The musicians Elton John said made “the most beautiful melodies”
It’s impossible to really quantify the impact that Elton John has had on the music world.
He was never exactly the most authentic rock and roller when he first got onstage, but there’s no one else in the 1970s who could have written such gripping melodies whenever they got Bernie Taupin’s lyrics, especially when John was starting to hit that sweet spot on albums like Goodbye Yellow Brick Road and Honky Chateau. But John would be the first to admit that he would have been nothing without hearing the right kinds of composers that came before him.
Then again, rock and roll wasn’t exactly big on rock stars that wrote their own material when John got started. The Beatles had only just begun the trend of artists who wrote their own material, but when John first fell in love with artists like Elvis Presley, it was much easier to get the right singer and the right song together in one place and worry about who wrote the thing well after the fact. But that’s not what John was aiming for when he started to come into his own.
If anything, he seemed far more interested in being a songwriter first and a singer second. For as much range as he seemed to have whenever he got onstage, he was much more at home standing in the back and playing before the massive sequinned outfits were brought out. But in between his love of artists like Presley and The Beatles, he wanted to touch on what the other singer-songwriters had been doing around that time.
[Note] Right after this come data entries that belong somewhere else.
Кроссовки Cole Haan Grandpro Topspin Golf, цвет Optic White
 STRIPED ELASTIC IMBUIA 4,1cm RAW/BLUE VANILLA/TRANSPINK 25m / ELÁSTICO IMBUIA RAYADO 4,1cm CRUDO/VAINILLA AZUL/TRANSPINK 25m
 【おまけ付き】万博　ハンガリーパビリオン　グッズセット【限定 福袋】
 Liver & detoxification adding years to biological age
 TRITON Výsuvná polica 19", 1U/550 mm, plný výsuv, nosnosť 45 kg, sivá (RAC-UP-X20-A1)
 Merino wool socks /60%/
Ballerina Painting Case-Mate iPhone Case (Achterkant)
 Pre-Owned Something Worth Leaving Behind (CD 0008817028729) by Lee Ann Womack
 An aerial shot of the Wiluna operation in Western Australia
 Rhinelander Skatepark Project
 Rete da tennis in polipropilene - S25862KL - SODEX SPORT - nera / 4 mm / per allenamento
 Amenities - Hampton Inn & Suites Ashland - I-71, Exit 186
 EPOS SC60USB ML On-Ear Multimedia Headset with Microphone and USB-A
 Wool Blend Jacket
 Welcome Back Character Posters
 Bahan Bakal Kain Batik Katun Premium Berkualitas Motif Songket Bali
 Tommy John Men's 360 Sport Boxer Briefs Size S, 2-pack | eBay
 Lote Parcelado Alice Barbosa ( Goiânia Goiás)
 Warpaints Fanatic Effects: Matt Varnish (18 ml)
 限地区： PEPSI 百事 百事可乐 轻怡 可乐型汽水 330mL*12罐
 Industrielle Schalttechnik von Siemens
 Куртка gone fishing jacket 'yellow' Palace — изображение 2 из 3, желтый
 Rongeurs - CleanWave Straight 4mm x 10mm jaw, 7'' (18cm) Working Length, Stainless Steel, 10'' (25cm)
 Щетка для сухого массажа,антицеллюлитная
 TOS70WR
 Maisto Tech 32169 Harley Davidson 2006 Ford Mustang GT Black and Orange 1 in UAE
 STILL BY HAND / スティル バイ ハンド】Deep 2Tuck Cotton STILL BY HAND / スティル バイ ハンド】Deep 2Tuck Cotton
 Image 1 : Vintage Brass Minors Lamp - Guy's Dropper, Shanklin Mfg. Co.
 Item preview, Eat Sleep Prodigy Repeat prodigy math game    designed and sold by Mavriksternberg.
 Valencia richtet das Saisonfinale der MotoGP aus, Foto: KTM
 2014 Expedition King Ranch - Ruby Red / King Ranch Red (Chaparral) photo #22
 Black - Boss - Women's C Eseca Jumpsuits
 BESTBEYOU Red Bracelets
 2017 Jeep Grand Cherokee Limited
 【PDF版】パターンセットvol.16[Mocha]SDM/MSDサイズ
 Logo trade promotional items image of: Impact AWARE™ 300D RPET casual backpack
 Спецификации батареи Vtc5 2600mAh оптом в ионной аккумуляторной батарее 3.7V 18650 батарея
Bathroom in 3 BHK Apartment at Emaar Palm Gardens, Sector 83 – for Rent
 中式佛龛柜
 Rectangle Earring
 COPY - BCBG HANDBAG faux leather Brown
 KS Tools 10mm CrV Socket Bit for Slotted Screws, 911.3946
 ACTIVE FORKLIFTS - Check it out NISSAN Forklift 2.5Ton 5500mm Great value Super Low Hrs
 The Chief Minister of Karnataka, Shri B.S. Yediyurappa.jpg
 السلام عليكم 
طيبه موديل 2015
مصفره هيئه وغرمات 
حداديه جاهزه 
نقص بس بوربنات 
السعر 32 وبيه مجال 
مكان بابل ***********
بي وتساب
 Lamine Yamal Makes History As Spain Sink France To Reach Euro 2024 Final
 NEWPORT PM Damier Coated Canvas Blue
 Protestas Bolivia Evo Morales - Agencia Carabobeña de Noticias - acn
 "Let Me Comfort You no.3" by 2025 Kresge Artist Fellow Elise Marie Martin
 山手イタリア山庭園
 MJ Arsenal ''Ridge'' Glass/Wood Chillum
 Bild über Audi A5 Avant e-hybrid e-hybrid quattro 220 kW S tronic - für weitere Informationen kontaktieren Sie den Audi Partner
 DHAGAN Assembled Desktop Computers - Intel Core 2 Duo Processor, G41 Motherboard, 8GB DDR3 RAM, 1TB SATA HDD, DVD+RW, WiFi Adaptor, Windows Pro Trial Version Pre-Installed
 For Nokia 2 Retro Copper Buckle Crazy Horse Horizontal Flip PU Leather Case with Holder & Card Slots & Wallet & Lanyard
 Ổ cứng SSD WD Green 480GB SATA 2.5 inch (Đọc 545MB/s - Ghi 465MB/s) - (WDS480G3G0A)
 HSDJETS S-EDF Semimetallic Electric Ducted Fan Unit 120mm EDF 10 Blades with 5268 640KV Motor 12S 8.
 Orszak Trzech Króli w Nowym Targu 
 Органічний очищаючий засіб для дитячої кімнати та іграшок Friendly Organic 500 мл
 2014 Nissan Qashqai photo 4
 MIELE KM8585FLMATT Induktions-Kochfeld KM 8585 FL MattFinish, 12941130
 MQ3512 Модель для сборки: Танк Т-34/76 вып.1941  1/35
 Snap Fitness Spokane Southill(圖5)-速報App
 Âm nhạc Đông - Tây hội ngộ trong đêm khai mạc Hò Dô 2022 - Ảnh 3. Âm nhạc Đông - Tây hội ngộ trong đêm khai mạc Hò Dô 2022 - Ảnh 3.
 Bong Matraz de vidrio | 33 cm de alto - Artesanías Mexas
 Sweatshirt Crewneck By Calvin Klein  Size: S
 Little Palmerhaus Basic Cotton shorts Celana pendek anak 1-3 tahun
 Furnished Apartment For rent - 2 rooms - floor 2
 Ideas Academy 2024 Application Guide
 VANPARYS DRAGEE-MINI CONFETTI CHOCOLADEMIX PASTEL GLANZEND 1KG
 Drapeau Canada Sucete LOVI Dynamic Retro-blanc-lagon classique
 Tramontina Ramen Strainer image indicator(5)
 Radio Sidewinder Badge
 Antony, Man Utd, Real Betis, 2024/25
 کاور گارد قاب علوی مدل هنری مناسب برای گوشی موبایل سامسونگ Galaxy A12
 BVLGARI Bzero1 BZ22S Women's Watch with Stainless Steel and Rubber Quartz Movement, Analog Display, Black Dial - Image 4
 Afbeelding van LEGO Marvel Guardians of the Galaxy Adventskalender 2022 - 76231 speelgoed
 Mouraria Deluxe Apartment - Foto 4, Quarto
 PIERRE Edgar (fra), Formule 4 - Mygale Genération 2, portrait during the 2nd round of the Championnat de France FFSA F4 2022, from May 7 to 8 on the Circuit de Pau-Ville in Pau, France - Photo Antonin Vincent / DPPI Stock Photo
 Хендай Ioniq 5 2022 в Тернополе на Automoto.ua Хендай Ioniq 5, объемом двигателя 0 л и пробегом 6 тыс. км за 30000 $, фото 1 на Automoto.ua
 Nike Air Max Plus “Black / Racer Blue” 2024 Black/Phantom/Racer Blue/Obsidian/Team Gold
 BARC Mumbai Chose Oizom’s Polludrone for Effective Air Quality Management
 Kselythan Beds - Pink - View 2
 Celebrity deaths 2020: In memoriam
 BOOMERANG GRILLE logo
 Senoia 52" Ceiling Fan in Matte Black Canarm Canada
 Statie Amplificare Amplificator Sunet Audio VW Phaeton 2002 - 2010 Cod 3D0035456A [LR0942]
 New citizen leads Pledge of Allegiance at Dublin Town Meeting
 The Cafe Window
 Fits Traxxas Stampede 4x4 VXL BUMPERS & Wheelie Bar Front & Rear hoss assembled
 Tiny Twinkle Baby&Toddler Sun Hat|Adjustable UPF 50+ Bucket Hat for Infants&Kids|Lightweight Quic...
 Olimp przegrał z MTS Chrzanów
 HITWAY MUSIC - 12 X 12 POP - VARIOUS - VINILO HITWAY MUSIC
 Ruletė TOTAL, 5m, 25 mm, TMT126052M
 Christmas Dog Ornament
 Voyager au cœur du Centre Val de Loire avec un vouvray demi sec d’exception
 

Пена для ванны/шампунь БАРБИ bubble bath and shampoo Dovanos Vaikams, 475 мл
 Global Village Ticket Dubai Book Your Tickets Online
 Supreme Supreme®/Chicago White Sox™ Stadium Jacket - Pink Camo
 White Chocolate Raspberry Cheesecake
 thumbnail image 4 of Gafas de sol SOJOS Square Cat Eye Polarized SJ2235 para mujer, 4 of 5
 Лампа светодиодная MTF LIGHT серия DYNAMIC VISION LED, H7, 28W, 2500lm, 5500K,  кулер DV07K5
This was the era of everyone from Carole King to James Taylor, and John devoured nearly every song that he heard whenever they came on the radio. Not all of his tunes necessarily had that same storytelling structure, but given that he started on the piano first, he had a lot more finesse on his instrument than someone strumming away on the guitar. He was much more practised, and that came from listening to the greatest composers in classical music by the time he got to writing his own songs.
Which was not all that common in the realm of rock and roll. After all, Chuck Berry had written the song ‘Roll Over Beethoven’ specifically about wanting to kick classical music to the curb, but after studying the works of Bach and Beethoven, John saw something more than a bunch of snooty musicians. These were beautiful pieces, and he wanted to try and implement little pieces of them into his own songs whenever he could.
He didn’t stick around long enough to learn everything they played, but that classical tradition was going to be baked into his playing for the rest of his life, saying, “If you love Bach, Mozart, Chopin and Beethoven, you can’t help but be influenced. They wrote the greatest melodies and the most beautiful things of all time.” And it’s not hard to see where he got a lot of his more nuanced tunes from.
Judging by his first records, John proudly wore some of those influences on his sleeve when making songs like ‘The Greatest Discovery’, and even when you start to look outside of the deep cuts, the entire opening overture of ‘Funeral For a Friend’ feels like the kind of musical dirge that Beethoven would have used to soundtrack one of the most depressing pieces that he had ever come up with.
Admitting to listening to these kinds of artists wasn’t going to be considered the coolest thing in the world, but John was never concerned with being hip all the time. He wanted the respect of being a fantastic songwriter, and being able to give a tip of the hat to his heroes every now and again was his way of paying respect to the musicians who sculpted him into who he is today.